Probate is what’s left over
I draw about ten frying pans a week on a legal pad. This is not due to my great artist ability.
We offer fee consultations to our client’s named financial successor after a person dies. That would be the Personal Representative, or executor, of a Last Will and Testament, or the Successor Trustee of a Revocable Living Trust.
For trust clients, they are almost always the same person(s).
In those consultations, I draw a frying pan. You see, Wills work through a Court process called probate. They are not effective until a Court appoints you as the actual representative, in Maryland by passing an Order and issuing Letters of Administration.
Probate is the process of “Proving” the Will, meaning that interests parties are notified, and have a chance to object to the will. It is not necessarily good or bad. It is necessary if a will is to be used to distribute assets.
Assets don’t necessarily go through this process: Often nothing does. The process is avoided by either Title or Contract.
Title is by the form of ownership: Most husbands and wives own virtually everything this way as tenants by the entireties (T by E). If your spouse dies and the house, bank accounts and vehicles are in both names, then they are not in the frying pan. They get diverted by the title.
You can own assets jointly with rights of survivorship (JWROS). At the death of one joint owner, the assets go to the survivor.
You can also own property with another person as tenants-in-common, meaning that title of your portion does not convey by title at death.
Like everything in life, title transfer can be good and bad. It’s great because it’s free. It’s bad because it can have unintended consequences. I transfer my house to myself and my son as joint owners, to “avoid probate”. My son has a car accident, and suddenly I may lose my home because my son owns part of it. Adding someone to the deed is simple, but not necessarily a good idea.
I had a client who had two nieces that she put on her two investment accounts, each with a balance of about $200,000. One niece was named as a joint owner of each account. She later entered a long-term care facility. Her one niece dutifully paid the bill for over a year. The other decided to wait and see. When my client died, the niece who was faithful to her got next to nothing, while the other got her full account. How do you think they are now getting along?

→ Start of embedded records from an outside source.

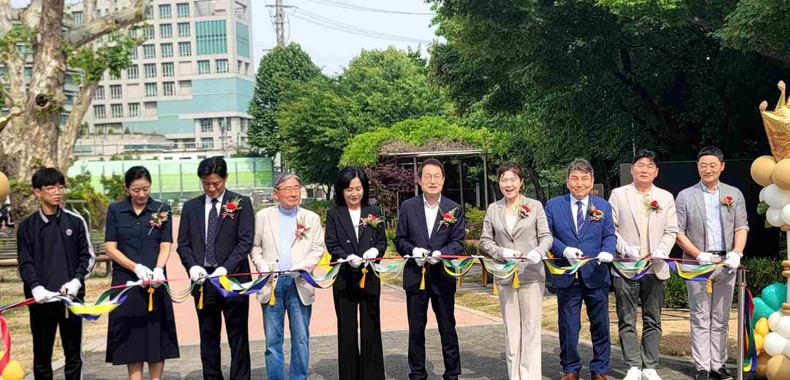 7일 행당중학교에 진행된 ‘맨발 걷기 길’ 개장식에 참가 ⓒ타임즈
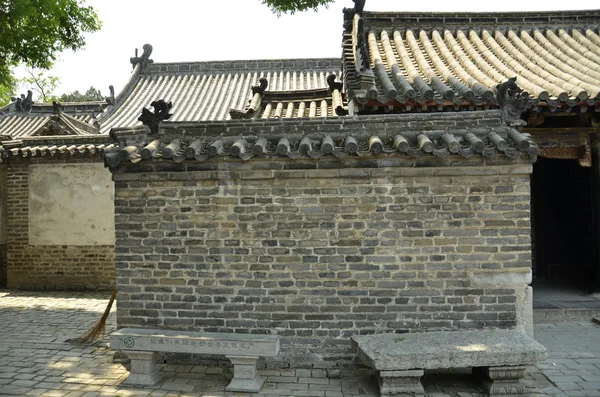 Ancien bâtiment chinois en brique — Photo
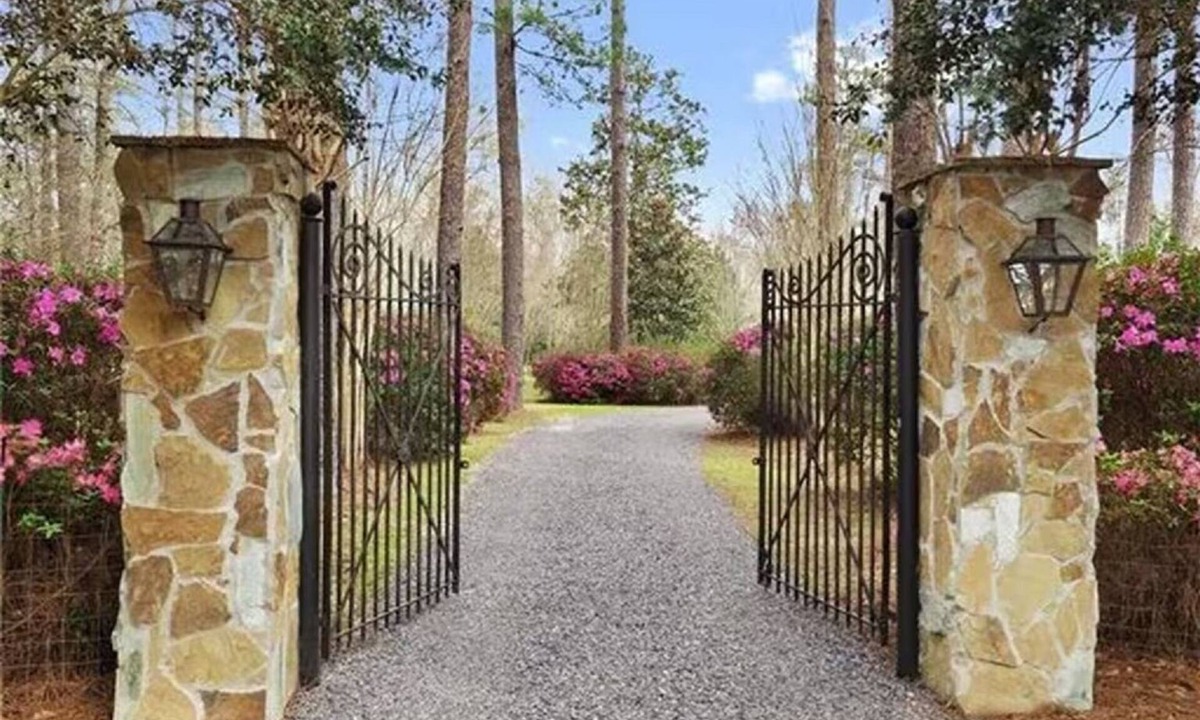 Covington House | Fall Getaway with River Views Deck Gym 1.5 Acres 4BR Sleeps 10+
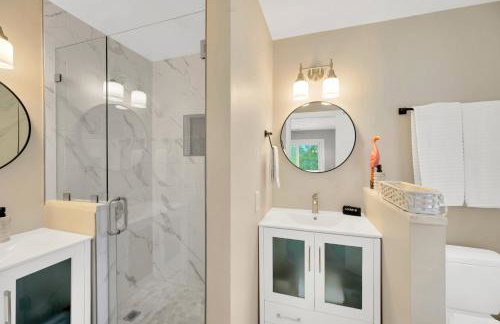 Home ON Key with pool, hot tub, putting green, arcade games, bike & mins to beach! - Foto 21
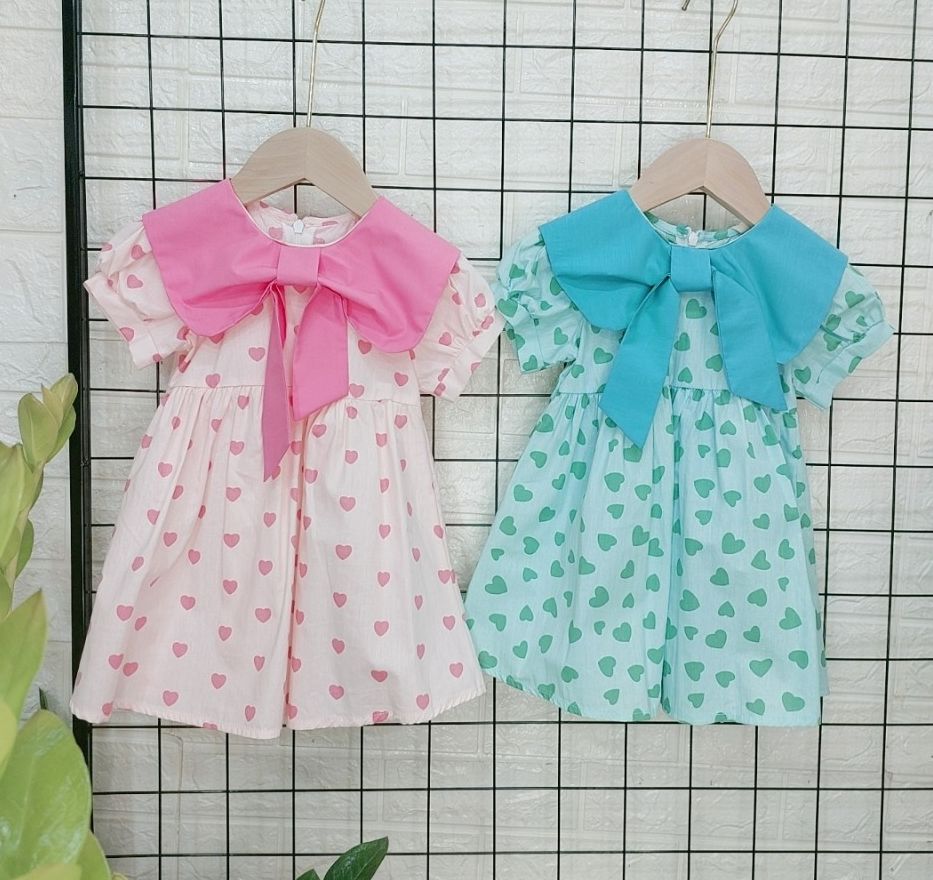 Váy bé gái - Đầm bé gái - Váy công chúa họa tiết mặt tim cổ bèo thắt nơ chất thô mềm cho bé 10-30 kg - Váy công chúa bé gái - Panda Kids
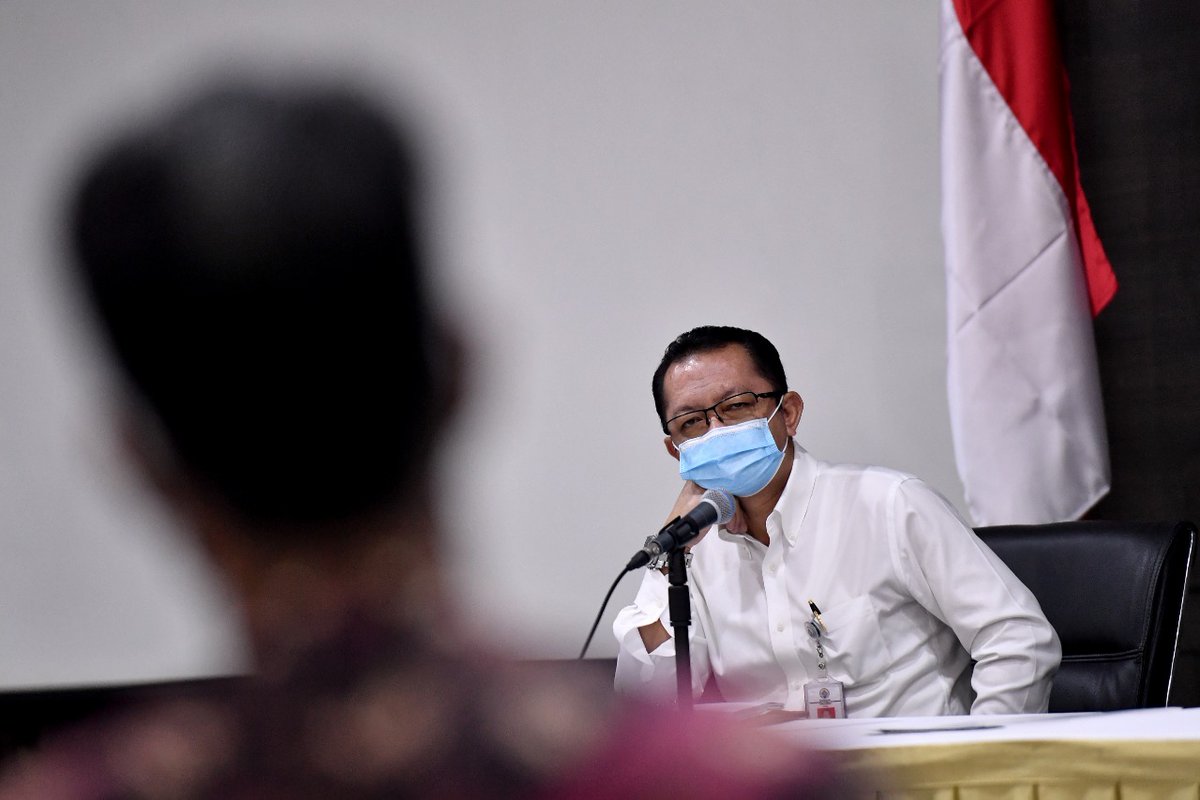taufikmadjid71's tweet photo. Menteri Desa, PDTT Abdul Halim Iskandar didampingi Sekjen Kemendes PDTT Anwar Sanusi dan Dirjen PPMD Taufik Madjid berdialog dengaan 30 orang perwakilan dari Kadis Provinsi, Kadis Kabupaten, Kepala Desa, pengurus APDESI di Kantor Kemendes PDTT, Jakarta, Senin (20/7/2020). https://t.co/eWa4TIln90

Also, it may be that a beneficiary should receive their inheritance in a controlled manner. Special needs beneficiaries need may want their benefits preserved. Someone with a drug problem might be best served with specific controls. A child getting divorced might want to buffer their inheritance.
Title transfers are simple but don’t allow for any controls. They say there is more than one way to skin a cat. The title of an account or real property can be used in ways that prevent these unintended consequences: we primarily use revocable living trusts.
At other times, using a will is the more appropriate vehicle, even if it requires probate.
To weigh out your options, its best to seek the advice of an estate planning attorney.